#### [Your assignment]
Transcribe the entries that come next exactly, but not the pictures they contain.

#### [Available data]
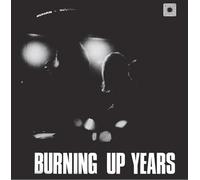 Burning Up Years (CD)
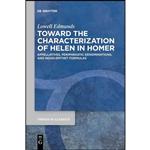 کتاب Toward the Characterization of Helen in Homer اثر Edmunds and Lowell انتشارات De Gruyter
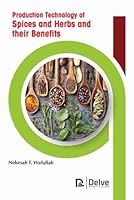 Production Technology of Spices and Herbs and Their Benefits 1774077388 Book Cover
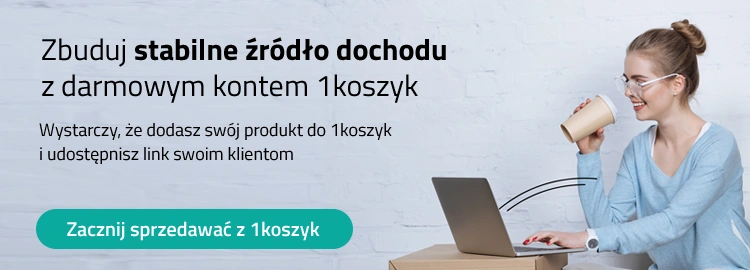 Zbuduj stabilne źródło przychodu z 1koszyk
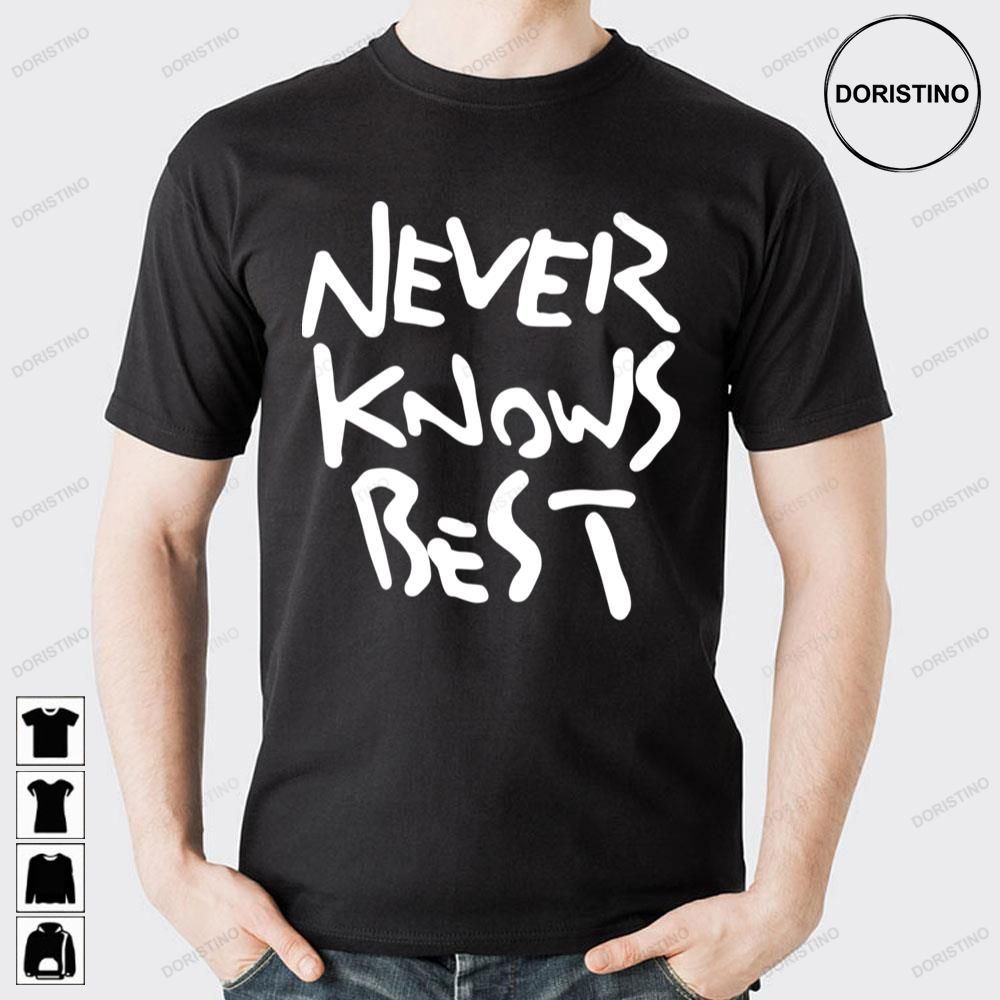 Never Knows Best Alone Limited Edition T-shirts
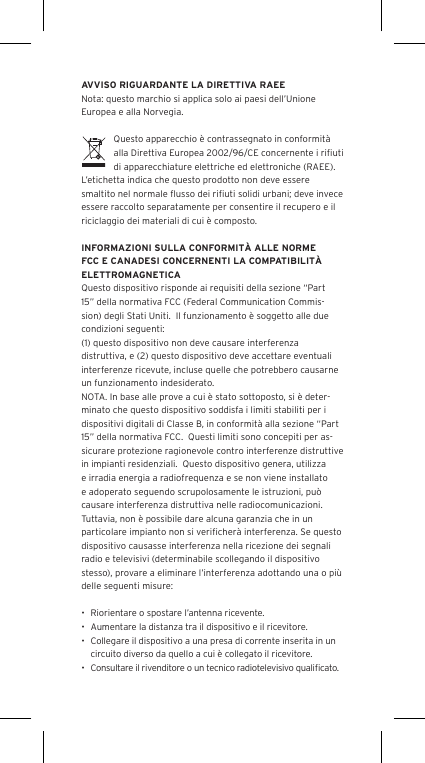 AVVISO RIGUARDANTE LA DIRETTIVA RAEENota: questo marchio si applica solo ai paesi dell&rsquo;Unione Europea e alla Norvegia.Questo apparecchio &egrave; contrassegnato in conformit&agrave; alla Direttiva Europea 2002/96/CE concernente i riﬁuti di apparecchiature elettriche ed elettroniche (RAEE).  L&rsquo;etichetta indica che questo prodotto non deve essere smaltito nel normale ﬂusso dei riﬁuti solidi urbani; deve invece essere raccolto separatamente per consentire il recupero e il riciclaggio dei materiali di cui &egrave; composto.INFORMAZIONI SULLA CONFORMIT&Agrave; ALLE NORME FCC E CANADESI CONCERNENTI LA COMPATIBILIT&Agrave; ELETTROMAGNETICAQuesto dispositivo risponde ai requisiti della sezione &ldquo;Part 15&rdquo; della normativa FCC (Federal Communication Commis-sion) degli Stati Uniti.  Il funzionamento &egrave; soggetto alle due condizioni seguenti:(1) questo dispositivo non deve causare interferenza distruttiva, e (2) questo dispositivo deve accettare eventuali interferenze ricevute, incluse quelle che potrebbero causarne un funzionamento indesiderato.NOTA. In base alle prove a cui &egrave; stato sottoposto, si &egrave; deter-minato che questo dispositivo soddisfa i limiti stabiliti per i dispositivi digitali di Classe B, in conformit&agrave; alla sezione &ldquo;Part 15&rdquo; della normativa FCC.  Questi limiti sono concepiti per as-sicurare protezione ragionevole contro interferenze distruttive in impianti residenziali.  Questo dispositivo genera, utilizza e irradia energia a radiofrequenza e se non viene installato e adoperato seguendo scrupolosamente le istruzioni, pu&ograve; causare interferenza distruttiva nelle radiocomunicazioni. Tuttavia, non &egrave; possibile dare alcuna garanzia che in un particolare impianto non si veriﬁcher&agrave; interferenza. Se questo dispositivo causasse interferenza nella ricezione dei segnali radio e televisivi (determinabile scollegando il dispositivo stesso), provare a eliminare l&rsquo;interferenza adottando una o pi&ugrave; delle seguenti misure:&bull;  Riorientare o spostare l&rsquo;antenna ricevente.&bull;  Aumentare la distanza tra il dispositivo e il ricevitore.&bull;  Collegare il dispositivo a una presa di corrente inserita in un circuito diverso da quello a cui &egrave; collegato il ricevitore.&bull;  Consultare il rivenditore o un tecnico radiotelevisivo qualiﬁcato.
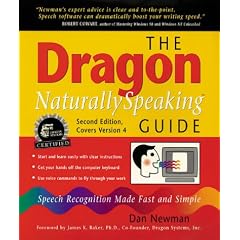 The Dragon Naturallyspeaking Guide: Speech Recognition Made Fast and Simple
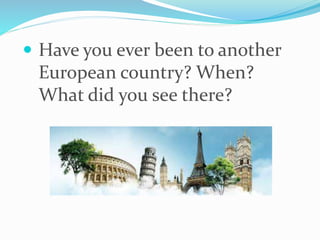  Have you ever been to another
European country? When?
What did you see there?
 
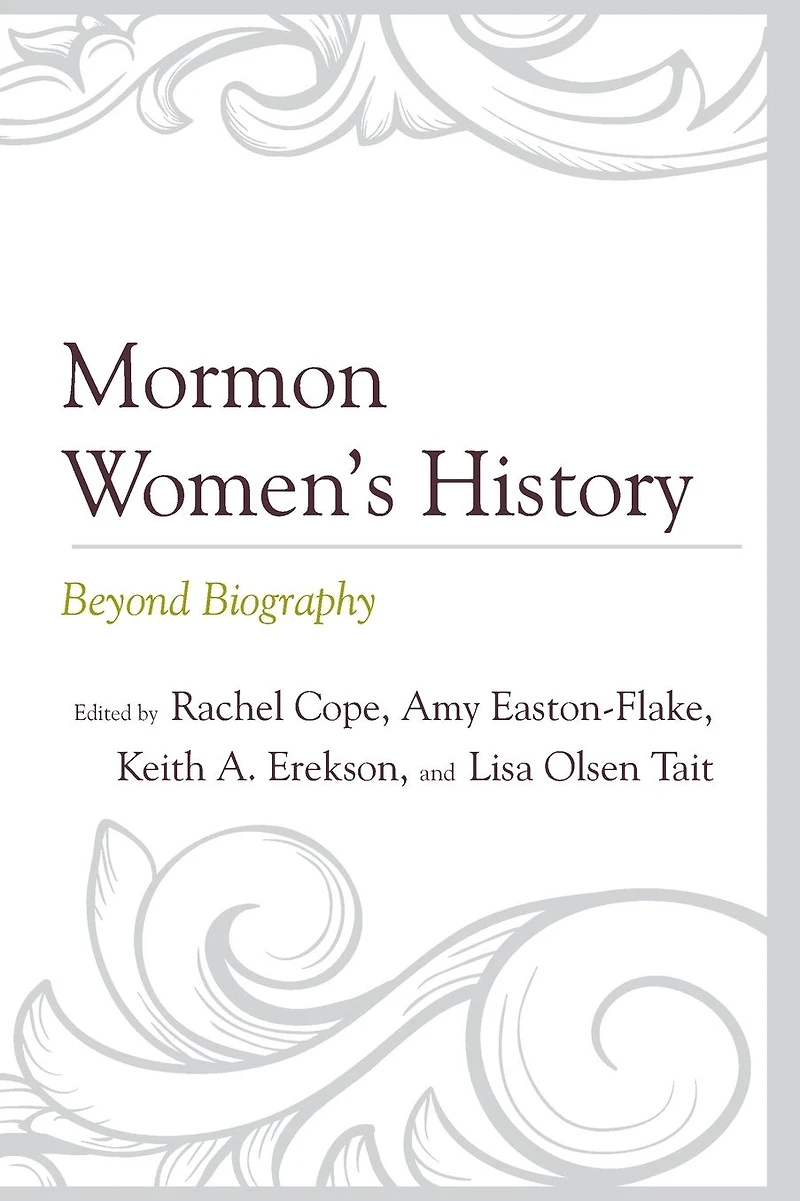 Mormon Women's History: Beyond Biography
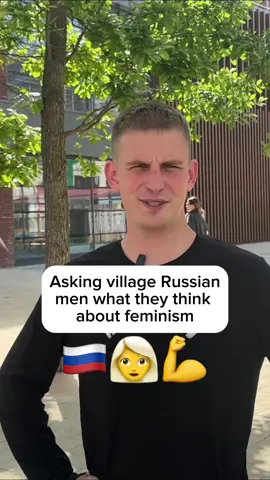 Asking village Russian men about feminism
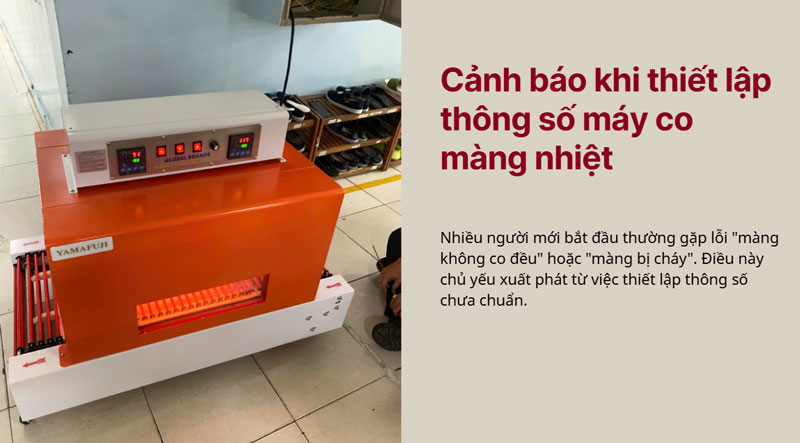 Cảnh báo khi thiết lập thông số máy co màng nhiệt Cảnh báo khi thiết lập thông số máy co màng nhiệt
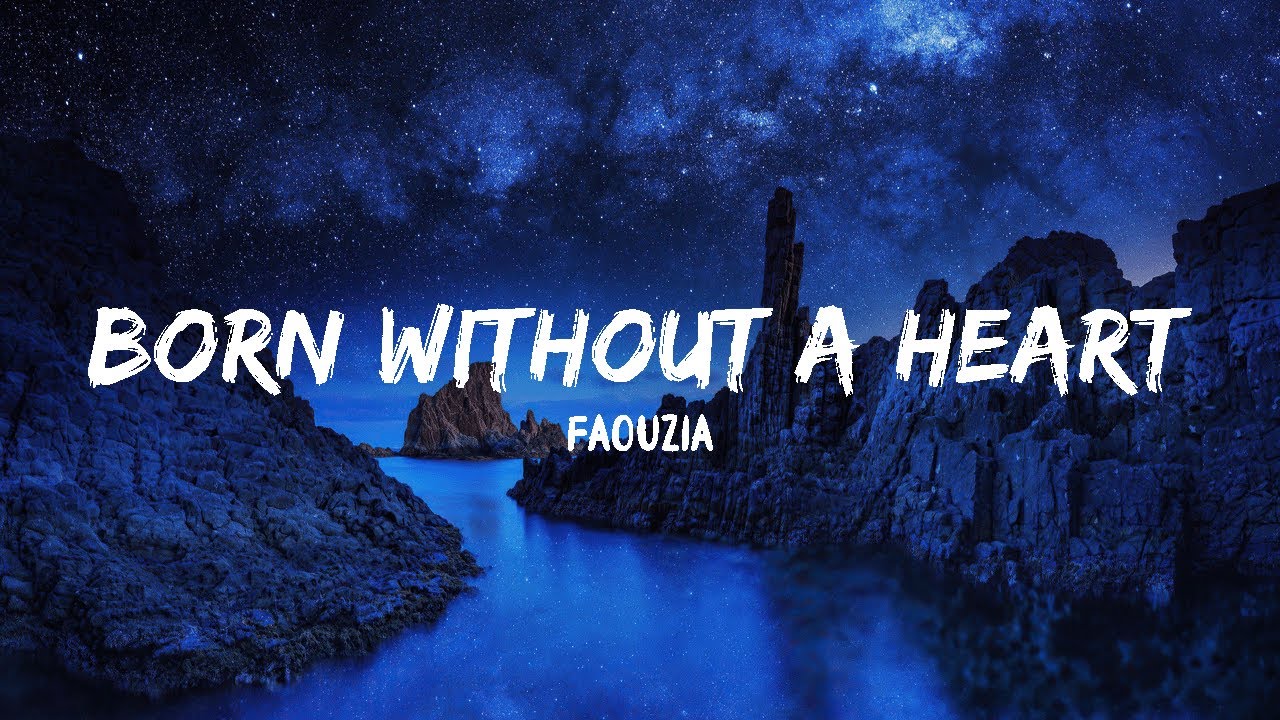 Faouzia - Born Without a Heart (Stripped) (Lyrics)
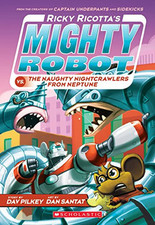 Ricky Ricotta's Mighty Robot vs. the Naughty Nightcrawlers fro... by Pilkey, Dav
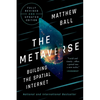 The Metaverse: Fully Revised and Updated Edition: Building the Spatial Internet - Hardcover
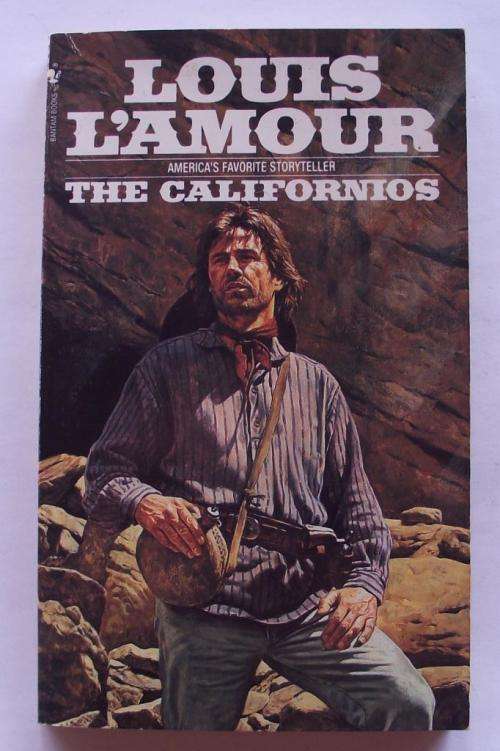 Louis L'Amour: THE CALIFORNIOS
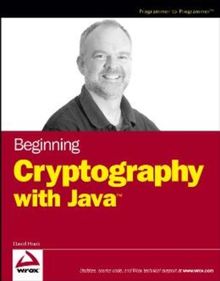 Beginning Cryptography with Java (Programmer to Programmer)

#### [Task response]
 Burning Up Years (CD)
 کتاب Toward the Characterization of Helen in Homer اثر Edmunds and Lowell انتشارات De Gruyter
 Production Technology of Spices and Herbs and Their Benefits 1774077388 Book Cover
 Zbuduj stabilne źródło przychodu z 1koszyk
 Never Knows Best Alone Limited Edition T-shirts
 AVVISO RIGUARDANTE LA DIRETTIVA RAEENota: questo marchio si applica solo ai paesi dell&rsquo;Unione Europea e alla Norvegia.Questo apparecchio &egrave; contrassegnato in conformit&agrave; alla Direttiva Europea 2002/96/CE concernente i riﬁuti di apparecchiature elettriche ed elettroniche (RAEE).  L&rsquo;etichetta indica che questo prodotto non deve essere smaltito nel normale ﬂusso dei riﬁuti solidi urbani; deve invece essere raccolto separatamente per consentire il recupero e il riciclaggio dei materiali di cui &egrave; composto.INFORMAZIONI SULLA CONFORMIT&Agrave; ALLE NORME FCC E CANADESI CONCERNENTI LA COMPATIBILIT&Agrave; ELETTROMAGNETICAQuesto dispositivo risponde ai requisiti della sezione &ldquo;Part 15&rdquo; della normativa FCC (Federal Communication Commis-sion) degli Stati Uniti.  Il funzionamento &egrave; soggetto alle due condizioni seguenti:(1) questo dispositivo non deve causare interferenza distruttiva, e (2) questo dispositivo deve accettare eventuali interferenze ricevute, incluse quelle che potrebbero causarne un funzionamento indesiderato.NOTA. In base alle prove a cui &egrave; stato sottoposto, si &egrave; deter-minato che questo dispositivo soddisfa i limiti stabiliti per i dispositivi digitali di Classe B, in conformit&agrave; alla sezione &ldquo;Part 15&rdquo; della normativa FCC.  Questi limiti sono concepiti per as-sicurare protezione ragionevole contro interferenze distruttive in impianti residenziali.  Questo dispositivo genera, utilizza e irradia energia a radiofrequenza e se non viene installato e adoperato seguendo scrupolosamente le istruzioni, pu&ograve; causare interferenza distruttiva nelle radiocomunicazioni. Tuttavia, non &egrave; possibile dare alcuna garanzia che in un particolare impianto non si veriﬁcher&agrave; interferenza. Se questo dispositivo causasse interferenza nella ricezione dei segnali radio e televisivi (determinabile scollegando il dispositivo stesso), provare a eliminare l&rsquo;interferenza adottando una o pi&ugrave; delle seguenti misure:&bull;  Riorientare o spostare l&rsquo;antenna ricevente.&bull;  Aumentare la distanza tra il dispositivo e il ricevitore.&bull;  Collegare il dispositivo a una presa di corrente inserita in un circuito diverso da quello a cui &egrave; collegato il ricevitore.&bull;  Consultare il rivenditore o un tecnico radiotelevisivo qualiﬁcato.
 The Dragon Naturallyspeaking Guide: Speech Recognition Made Fast and Simple
  Have you ever been to another
European country? When?
What did you see there?
 
 Mormon Women's History: Beyond Biography
 Asking village Russian men about feminism
 Cảnh báo khi thiết lập thông số máy co màng nhiệt Cảnh báo khi thiết lập thông số máy co màng nhiệt
 Faouzia - Born Without a Heart (Stripped) (Lyrics)
 Ricky Ricotta's Mighty Robot vs. the Naughty Nightcrawlers fro... by Pilkey, Dav
 The Metaverse: Fully Revised and Updated Edition: Building the Spatial Internet - Hardcover
 Louis L'Amour: THE CALIFORNIOS
 Beginning Cryptography with Java (Programmer to Programmer)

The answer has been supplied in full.